Native Americans did not have dairy cows or other domesticated milk-producing animals before Europeans arrived in the Americas. So what did they use instead of cow’s milk?
Native Americans got most of the nutrients found in milk from plant sources. Many tribes made plant-based “milks” by grinding seeds or nuts in water. Some common examples include:
- Almond milk – Made from ground almonds and water
- Cashew milk – Made from ground cashews and water
- Coconut milk – Made by grating coconut meat and mixing it with water
- Sesame seed milk – Made from ground sesame seeds and water
- Pecan milk – Made from ground pecans and water
These nut and seed milks provided fats, protein, vitamins, and minerals to Native American diets. The milks were often strained to achieve a smooth, creamy texture.
Other Animal-Based Options
In addition to plant-based milks, some Native Americans also got nourishment from animal sources such as:
- Bone broth – Broth made by boiling animal bones and fat was nutritious and filling.
- Blood – Animal blood was occasionally consumed as a source of protein and minerals.
- Meat fats – Rendered fats from animals provided concentrated calories and vitamins A, D, E and K.
When hunting buffalo, deer, elk and other animals, Native Americans used every part of the animal for food, clothing, tools and more. This included finding creative ways to extract nutrition from bones, blood and fat.
Unusual Animal Milks
Some Native American tribes did actually milk animals! But these weren’t the typical dairy mammals that Europeans milked. A couple examples include:
- Reindeer milk – In Arctic regions, reindeer were semi-domesticated and milked. Reindeer milk is very rich like cow’s milk.
- Horse milk – Some Plains tribes milked horses. Horse milk is similar to cow’s milk but lower in fat and lactose.
Milking these animals provided additional sources of nutrients for tribes living in extreme northern and plains environments without access to typical dairy animals.
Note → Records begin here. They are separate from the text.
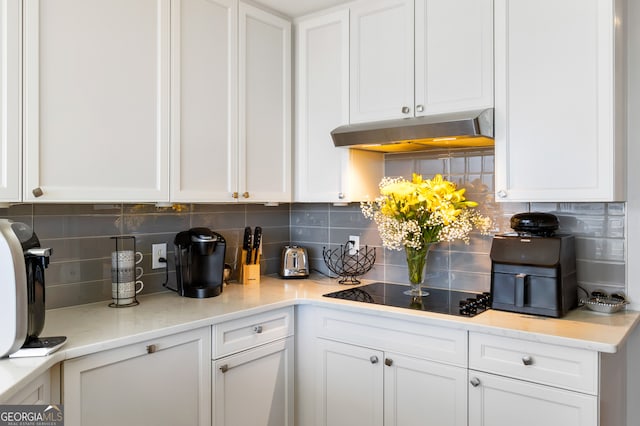 kitchen featuring white cabinets and black electric cooktop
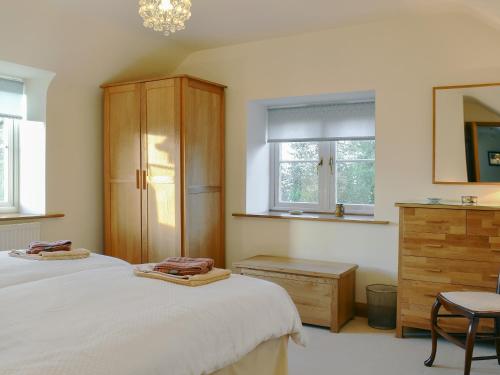 GoodrichにあるWren Cottageのベッドルーム1室(ベッド2台、ドレッサー、窓付)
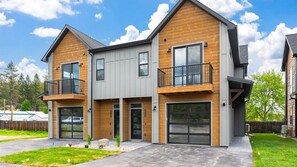 A two-story house with a modern design, featuring a combination of wooden and grey siding, large windows, and a balcony on the upper floor.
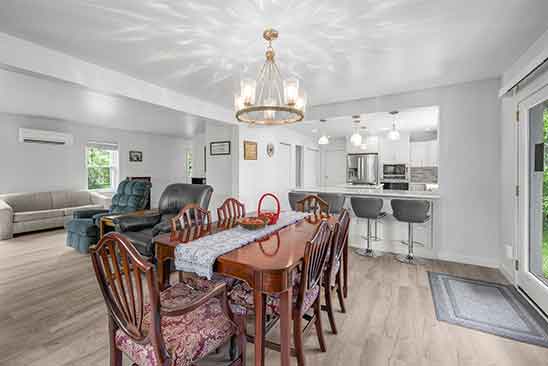 Dining area and kitchen at 1701 Harrington Road, Orange VA, featuring elegant chandelier, wood-style floors, breakfast bar with stools, and open-concept layout.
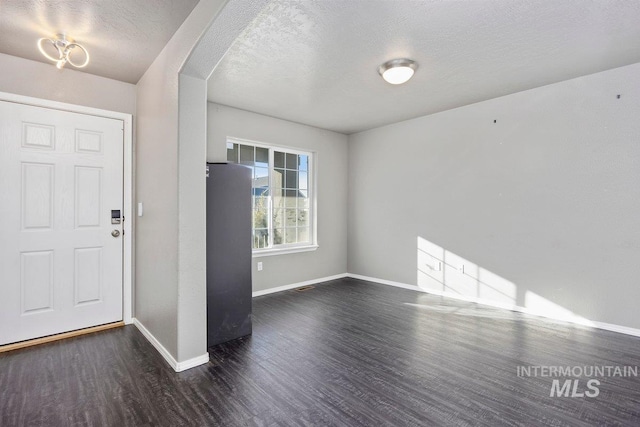 foyer featuring a textured ceiling and dark hardwood / wood-style floors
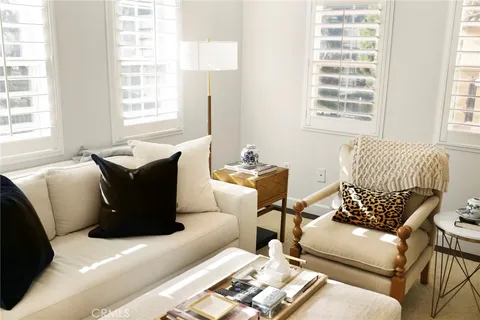 a living room with furniture a couch and a window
Fermented Milks from Animals
Native Americans also consumed fermented milks made from wild animals. These provided probiotics and preserved the nutrition in milk. Some examples include:
- Moose or caribou yogurt – Milk fermented from moose or caribou.
- Pemmican – A mix of dried meat, fat and berries that was sometimes fermented into a yogurt-like food.
Fermenting milks helped preserve nutrients while also making them more digestible and increasing their nutritional value through probiotics.
For infants and young children, mother’s milk provided ideal nutrition. Breastfeeding typically continued for several years, ensuring children received complete nourishment during this critical developmental period.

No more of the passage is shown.